Introduction to Gradient Descent
Gradient descent is an iterative optimization algorithm used to minimize a cost function by adjusting model parameters in the direction of steepest descent. In machine learning, we use gradient descent to find the optimal weights that minimize the difference between predicted and actual outputs. The algorithm follows a simple principle: calculate the gradient (slope) of the cost function with respect to each parameter, then adjust parameters in the opposite direction of the gradient.
The Gradient Descent Algorithm
The general gradient descent update rule is:
wnew = wold - α × ∇J(w)
Where:
- w: Model parameters (weights and biases)
- α (alpha): Learning rate - controls the step size
- ∇J(w): Gradient of the cost function with respect to weights
- J(w): Cost function that measures prediction error
Key Components
1. The Sigmoid Activation Function
For binary classification, we use the sigmoid function to convert linear combinations into probabilities between 0 and 1:
σ(z) = 1 / (1 + e-z)
The sigmoid function has several desirable properties: it's differentiable everywhere, outputs values in (0,1) range which can be interpreted as probabilities, and has a simple derivative: σ'(z) = σ(z) × (1 - σ(z)).
2. Forward Propagation
In forward propagation, we compute the model's prediction by passing input through the network:
z = w1x1 + w2x2 + ... + b
ŷ = σ(z)
Where x represents input features, w represents weights, b is the bias term, and ŷ is the predicted output.
3. Cross-Entropy Loss Function
For binary classification, we use cross-entropy loss to measure prediction error:
J = -1/m × Σ [y × log(ŷ) + (1-y) × log(1-ŷ)]
This loss function penalizes confident wrong predictions heavily and approaches zero when predictions are correct. It's convex for logistic regression, guaranteeing that gradient descent will find the global minimum.
4. Gradient Computation (Backward Pass)
The gradient tells us how to adjust each weight to reduce error. For logistic regression, the gradient of the loss with respect to weights is:
∂J/∂wi = 1/m × Σ (ŷ - y) × xi
This gradient is computed for each weight and bias, then used to update parameters in the direction that reduces loss.
5. Learning Rate Selection
The learning rate α controls how large each update step is. Too large, and the algorithm may overshoot the minimum and diverge. Too small, and training will be extremely slow. Typical values range from 0.001 to 0.1, but the optimal value depends on the specific problem and dataset scale. In this lab, you'll experiment with different learning rates to understand their impact.
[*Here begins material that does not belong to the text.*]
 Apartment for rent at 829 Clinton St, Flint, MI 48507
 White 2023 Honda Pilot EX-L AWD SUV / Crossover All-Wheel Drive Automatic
🎓 Understanding Through Analogy
Imagine you're hiking down a mountain in thick fog (you can't see the bottom). Gradient descent is like feeling the slope beneath your feet and taking steps in the steepest downward direction. The learning rate determines your step size—small steps are safe but slow, while large steps are faster but risk overshooting valleys. The gradient tells you which direction is steepest, and you keep walking until you reach a valley (local minimum). In machine learning, the mountain is the cost function landscape, and the valley represents optimal weights.
Common Challenges in Gradient Descent
- Local Minima: The algorithm may converge to suboptimal solutions (though convex problems like logistic regression don't have this issue)
- Learning Rate Too High: Updates overshoot the minimum, causing oscillations or divergence
- Learning Rate Too Low: Training becomes extremely slow, requiring many epochs to converge
- Feature Scaling: Features with different scales can slow convergence; normalization helps
- Vanishing/Exploding Gradients: In deep networks, gradients can become too small or too large
Before beginning the hands-on lab exercises, please watch the following video lectures from Udacity's "Introduction to Deep Learning with PyTorch" course. These videos provide essential background on neural network fundamentals, optimization, and gradient descent. The concepts covered will directly support your understanding of the lab implementation.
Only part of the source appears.